● Task item:
Transcribe the entries below word for word, beginning at the line with "Whitening and Freckle" and stopping after the line with "Cellulitis vs Fungal に対する画像結果"; drop all pictures.

● Excerpted data:

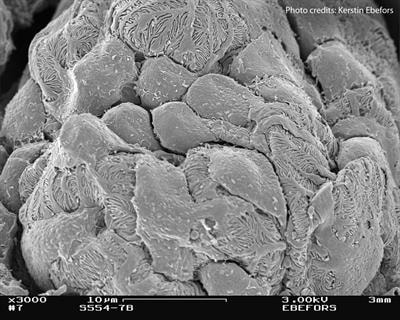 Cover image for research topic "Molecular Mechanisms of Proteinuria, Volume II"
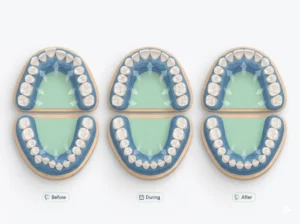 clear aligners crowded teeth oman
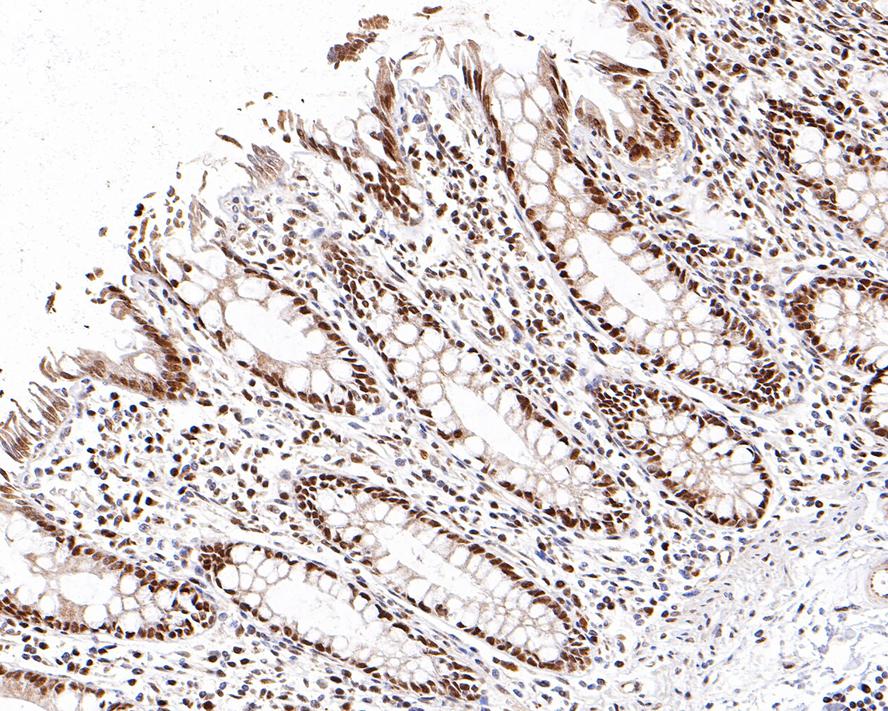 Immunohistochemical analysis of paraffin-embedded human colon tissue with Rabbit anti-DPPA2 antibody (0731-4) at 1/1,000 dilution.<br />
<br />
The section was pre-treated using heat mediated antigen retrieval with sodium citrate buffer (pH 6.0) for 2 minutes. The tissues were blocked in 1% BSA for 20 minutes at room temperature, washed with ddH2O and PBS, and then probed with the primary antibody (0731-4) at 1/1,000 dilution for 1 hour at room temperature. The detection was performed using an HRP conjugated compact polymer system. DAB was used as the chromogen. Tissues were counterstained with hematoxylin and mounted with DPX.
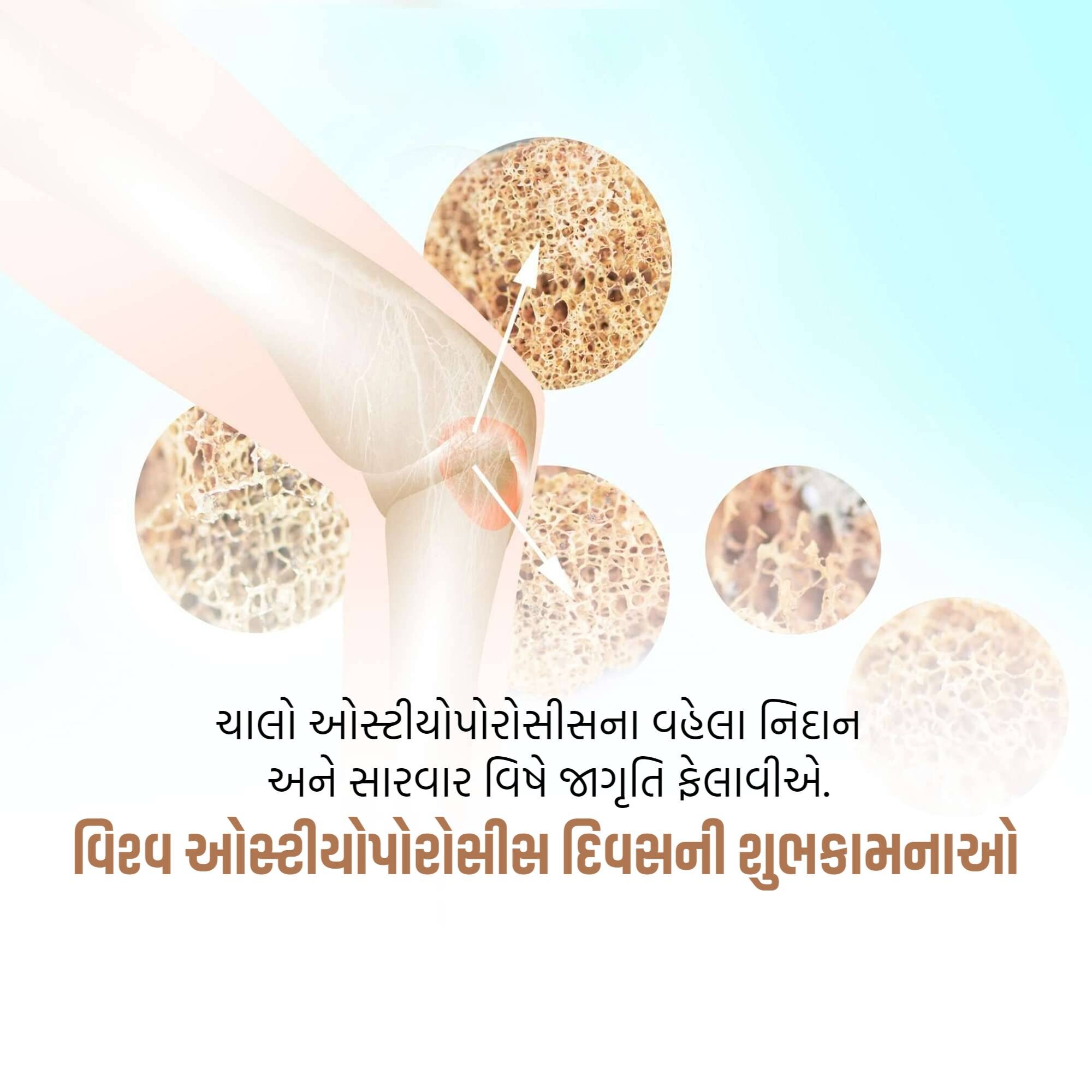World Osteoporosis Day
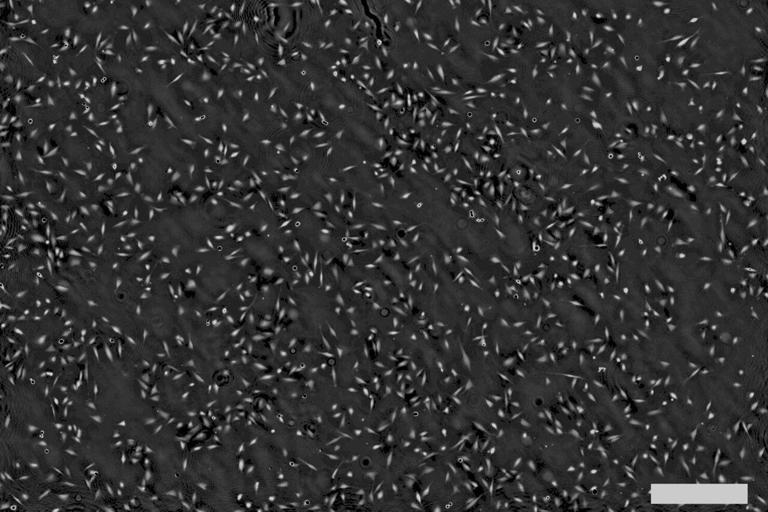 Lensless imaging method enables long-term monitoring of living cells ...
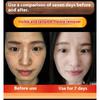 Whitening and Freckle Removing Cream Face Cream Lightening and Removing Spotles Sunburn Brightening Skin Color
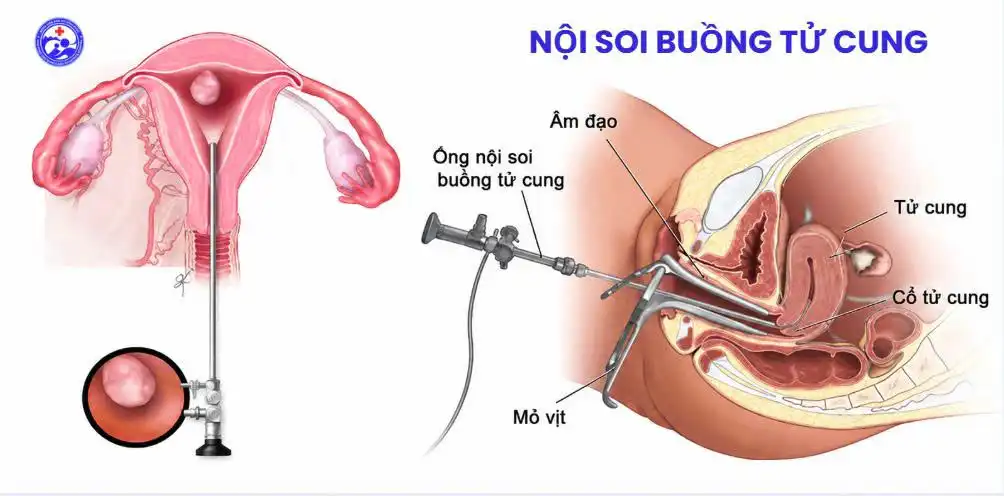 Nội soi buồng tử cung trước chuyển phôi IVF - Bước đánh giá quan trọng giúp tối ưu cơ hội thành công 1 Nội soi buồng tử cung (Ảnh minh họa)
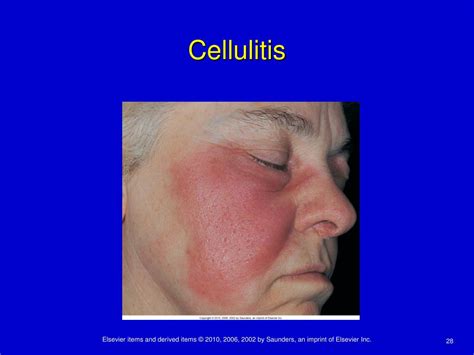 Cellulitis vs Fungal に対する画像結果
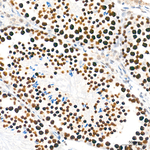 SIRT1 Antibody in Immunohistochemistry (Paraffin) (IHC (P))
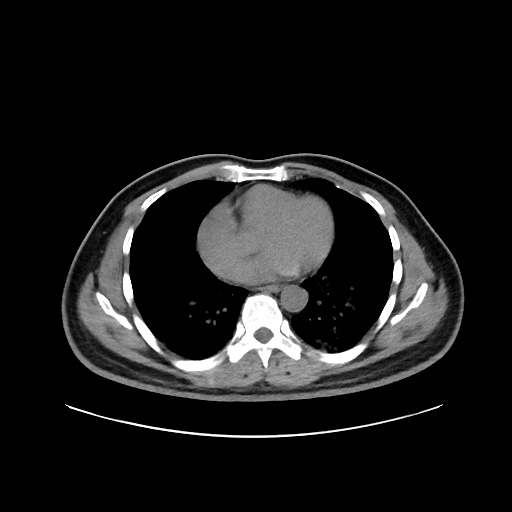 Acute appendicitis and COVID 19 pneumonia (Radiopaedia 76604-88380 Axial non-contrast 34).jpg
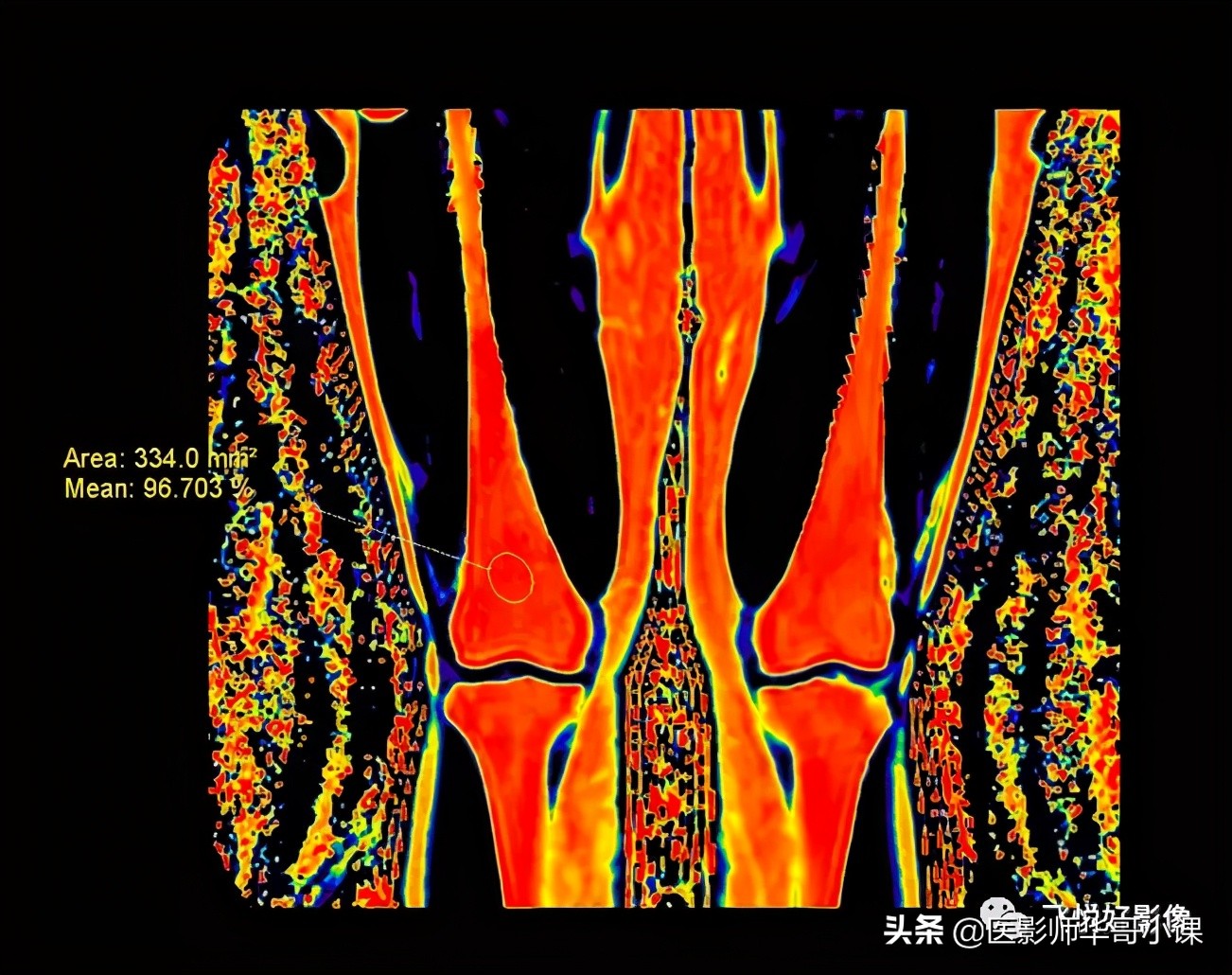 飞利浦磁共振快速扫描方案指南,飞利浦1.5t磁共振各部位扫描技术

● Exercise solution:
 Whitening and Freckle Removing Cream Face Cream Lightening and Removing Spotles Sunburn Brightening Skin Color
 Nội soi buồng tử cung trước chuyển phôi IVF - Bước đánh giá quan trọng giúp tối ưu cơ hội thành công 1 Nội soi buồng tử cung (Ảnh minh họa)
 Cellulitis vs Fungal に対する画像結果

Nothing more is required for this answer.